The gift shop is a small house. Brown painted trim and a rocking turkey greet you at the front door. That’s right, a rocking turkey. The gift shop is comfortably run down. Not like they don’t care,  it looked like it was intentionally so. The staff is dressed comfortably in t-shirts, work shirts and one had a pull over windbreaker. Not going to feel under dressed at this one. I’m immediately very comfortable. 

The next tour was about to start so I get my name on the list and look around for a bit. I see some bottles where you can get personalized labels. I make a note to pick one up later. 

The tour starts with a bus ride to the newly opened new distillery. On the way the tour guide apologizes for not having the landscaping finished yet. But says that they wanted to make sure we got to see the inside anyway. We are shown the grain receiving area and the silos where it is held until needed. This was certainly a bigger operation than Woodford Reserve. 

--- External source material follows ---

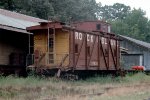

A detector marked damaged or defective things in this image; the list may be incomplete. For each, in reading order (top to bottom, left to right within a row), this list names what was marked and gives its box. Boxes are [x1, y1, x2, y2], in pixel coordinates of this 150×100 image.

rusty caboose roof [0, 8, 47, 33]
rusted metal roof [0, 8, 47, 33] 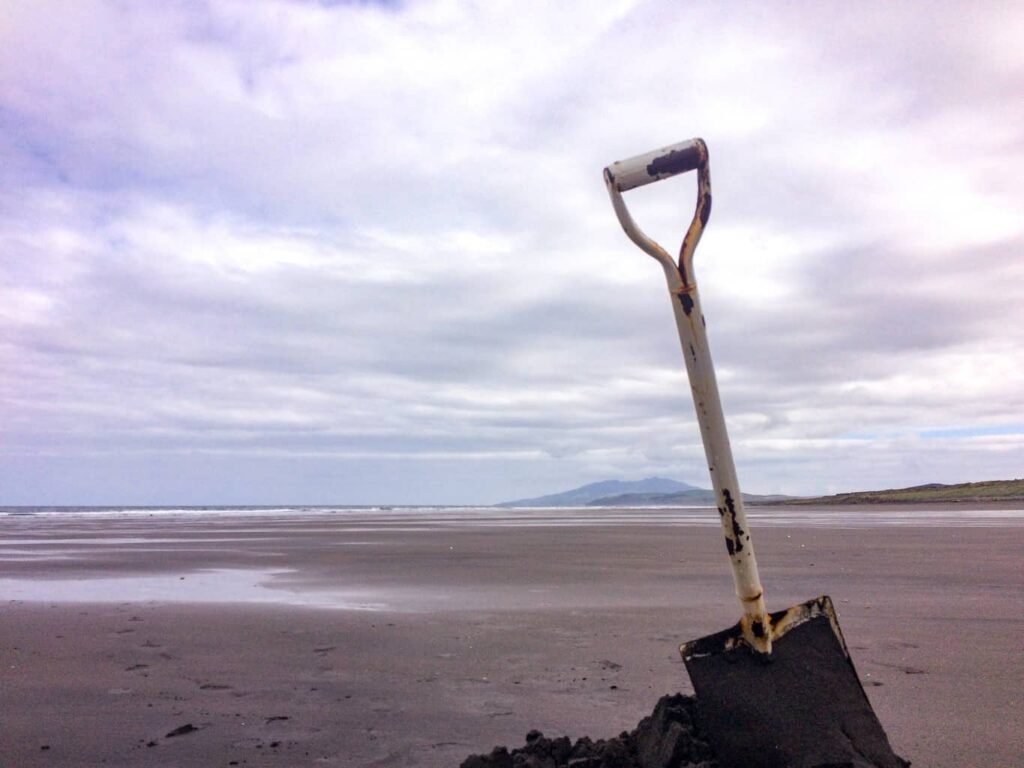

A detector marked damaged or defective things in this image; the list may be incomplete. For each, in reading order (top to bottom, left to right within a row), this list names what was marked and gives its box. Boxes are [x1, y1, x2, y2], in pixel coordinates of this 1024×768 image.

We went inside, went up the stairs and watched a movie starring Jimmy and Eddie Russell, the Master distiller and his assistant/son. After the movie we turn and look through the windows along the right side of the movie room and are shown the yeast cooker and the mash cooker through the windows. 

After that we leave the movie room and are shown to the fermenting room. Wild Turkey had the strangest looking fermenting product. It looked like brains on top and was the only distillery that had that pattern occurring. There were at least 20 30,000 gallon fermentation tanks (i have a photo of number 20, but there may have been more). The fermentation room smelled great. I love the smell of the fermentation rooms in these places. 

Through another window we are shown a control room where two employees can run the entire plant. Big plant for only two employees. That’s a lot of automation. 

The next part of the tour is the still. You can see and get a brief explanation of how the column still works (once again through glass). While we were looking through the windows, Master Distiller Jimmy Russell stops over and thanks us all for taking the tour. I don’t know if the does that for all the tours, but it was a nice touch. He seemed like a very nice guy.

Next we go back down stairs and across the parking lot to the barreling center. This is a pretty cool assembly line looking place (no assembly, it just looked like there should have been) where empty barrels come in off of one truck work their way through a series of conveyors and end up at the filling station. After that they go back out the door and into another truck which will take them to an aging warehouse. 

Speaking of which that’s where we went next. We took another short bus ride down to the old distillery where there are still a lot of barrels aging. We got a very quick tour of the grounds and entered the rick house. Once again you are hit with the excellent smell of old oak and alcohol. Angel’s Share smells awesome. After a short discussion about how long things are aged it is back to the gift shop for a tasting. 

We get to choose two of six different whiskeys. There are four bourbons, a rye and a bourbon honey liqueur. I got the Russell’s Reserve Rye and the Kentucky Spirit. The wife had the American Honey. We both liked our choices. She liked hers a lot.

After the tasting I bought my bottle of Rare Breed with a personalized label and headed over to the next distillery on the list. 

I liked this tour. The new distillery grounds will be very pretty once the landscaping is done. It was the only tour where we saw barreling actually occurring. The tour guide was very informative, even if he did seem a bit bored by the information itself. Overall, it would have been a mistake to miss this one.